You should not profit, directly or indirectly, from ideas or
information learned or contacts developed in the course of employment
with the Company, without prior disclosure to and approval by the
Company's President. This includes not making any use of financial or
other information learned during the course of your employment.
You should generally not accept gifts or favors from business contacts,
except trinkets of nominal value. This includes discounted merchandise
or services not available to the general public. The acceptance of cash
or its equivalent is strictly prohibited. The Company's President or
his designee must approve any gift valued at $100 or more which cannot
appropriately be refused.
You should not participate in any outside activity that could or might
appear to interfere with your objectivity or commitment to the Company,
including
o accepting any employment outside the Company, even on personal
time, without prior approval by the President of the Company
or his designee;
o making any paid appearances without prior approval by the
President of the Company or his designee.

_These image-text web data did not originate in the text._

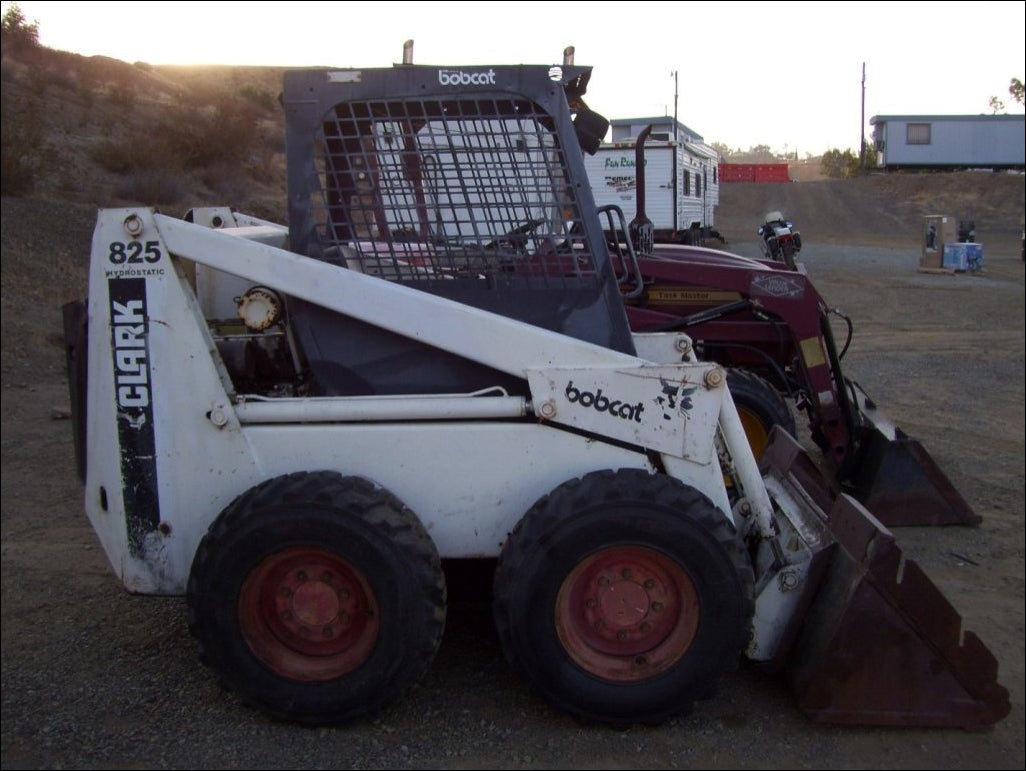 Manual De Serviço BOBCAT - 825 - Mini Carregadeira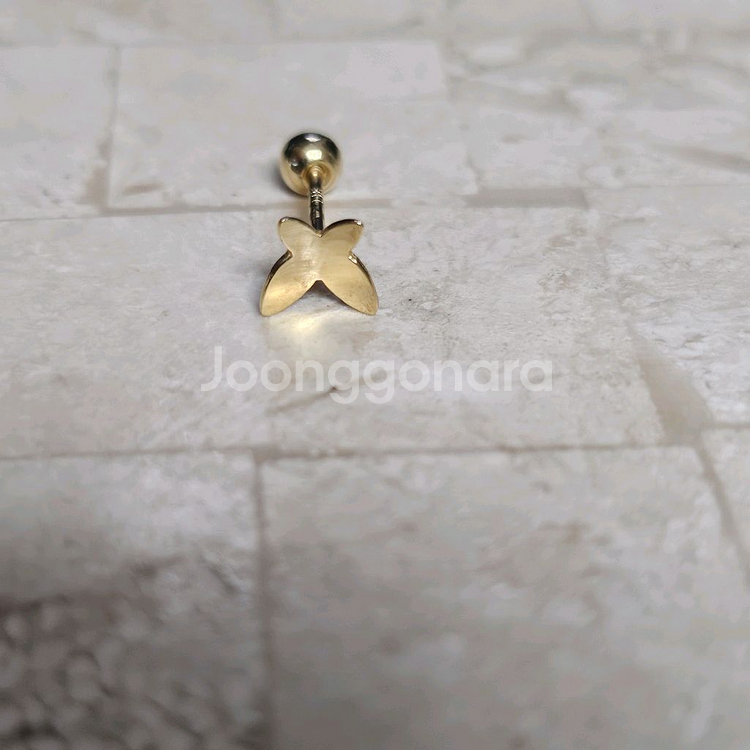 14k 골드 나비 피어싱--1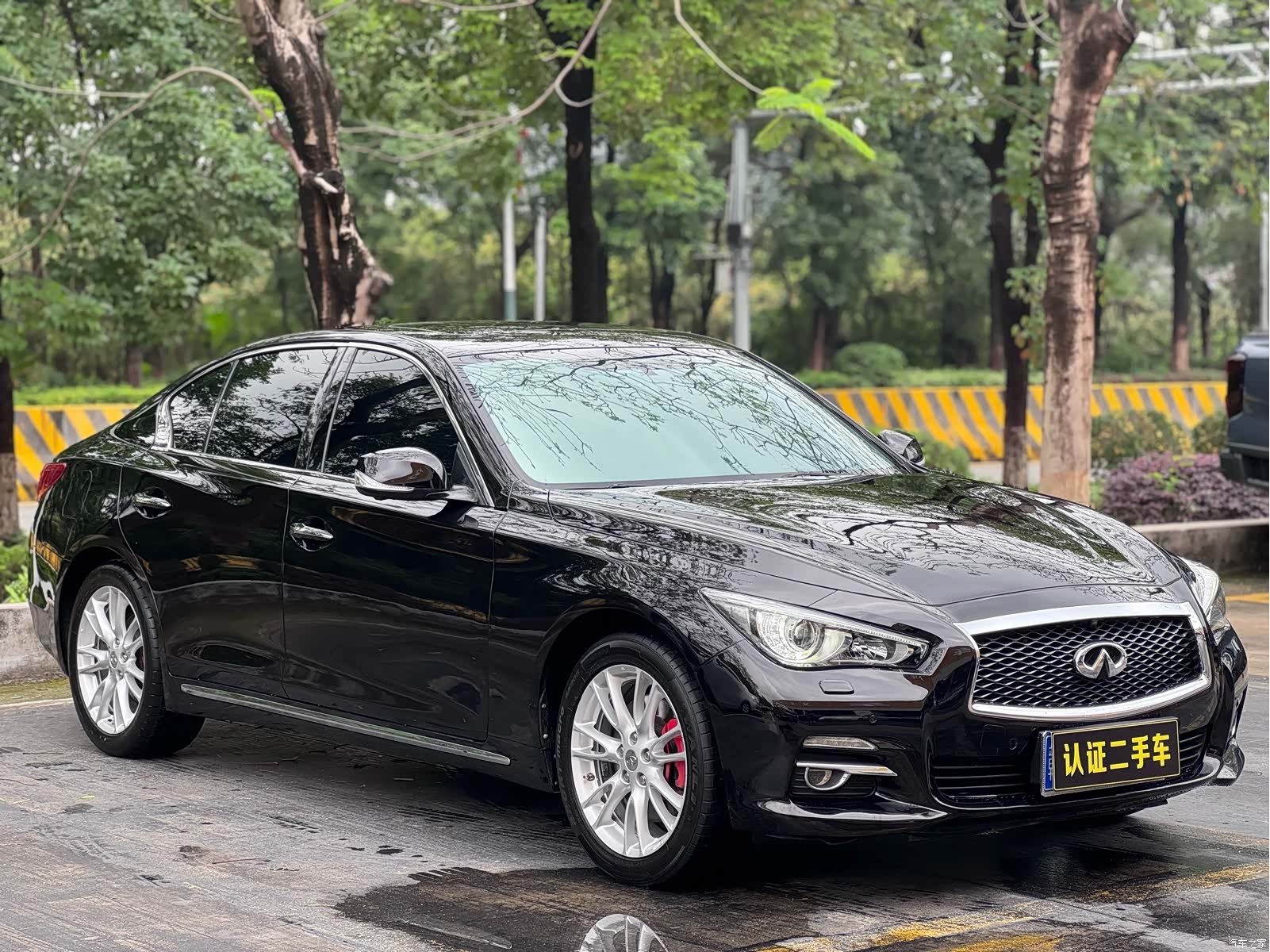 Infiniti Q50L, 2017 3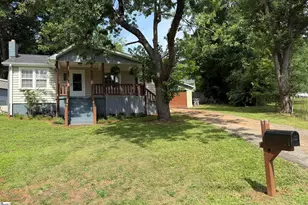 107 Irene Cir, Greenville, SC 29617 - Photo 4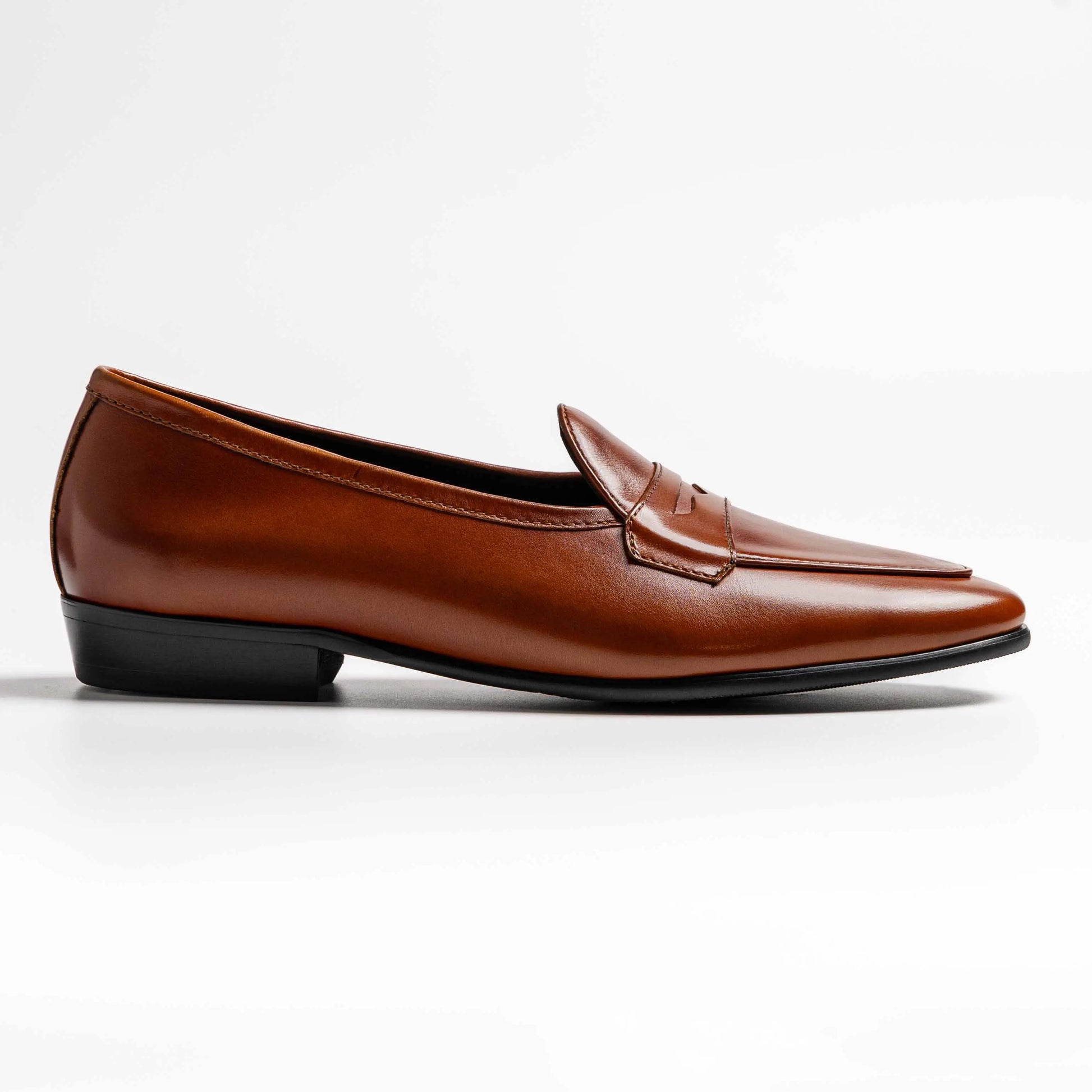 Short Tongue Belgium Penny Loafer, Tras in Camel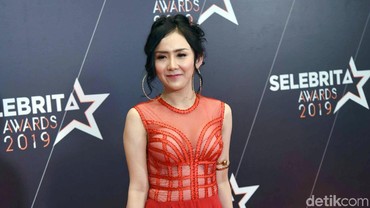 Rumah Ucie Sucita Diganggu Hantu Kiriman Sesama Pedangdut?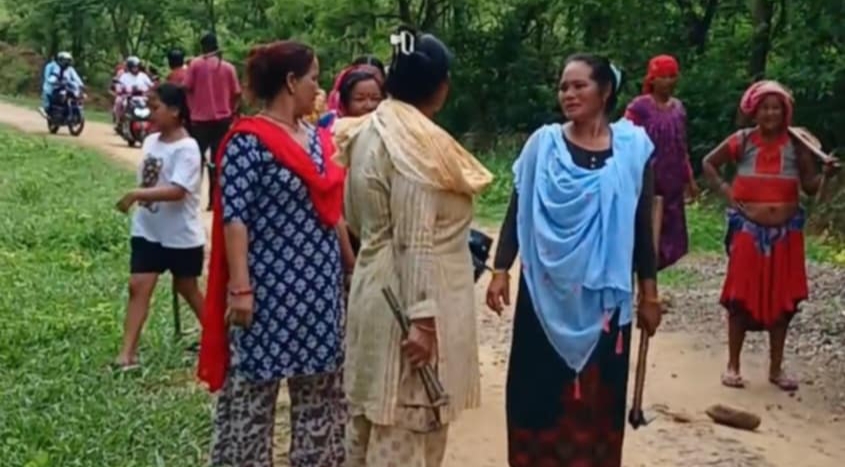 कालापानी सामुदायिक वनका उपभोक्ताद्वारा वृक्षारोपण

You should not at any time during or after your employment with the
Company communicate or disclose confidential information (information
of a secret or confidential nature relating to the business of the
Company or its affiliates) to any person, corporation or entity.
You should retain only reputable firms and representatives to represent
the Company and make sure they comply with both applicable law and
Company policies.
You should not hire, supervise or do any kind of Company business with
relatives or friends without prior approval by the Company's President.
You should not use Company resources (e.g., equipment, e-mail, Internet
access, and telephones) or the Company's name (e.g., use of Company
letterhead) in any way with respect to personal outside activities.
This includes the use of Company time for outside activities.
Your expense reports and all other business records must be promptly
submitted, completely accurate and reflect only legitimate business
expenses.
You should only provide business entertainment and gifts that are
ordinary, reasonable, and lawful. They must comply with the policies of
the Company and also the customer/supplier. If gifts, entertainment,
games and promotions violate customer/supplier policies or are offered
to their employees, without the employer's permission, they can look
like bribes. All gifts should be approved and properly reported.
You should never offer or give bribes or kickbacks.
You should not make contributions on behalf of the Company to political
candidates or political parties. It may be against the law.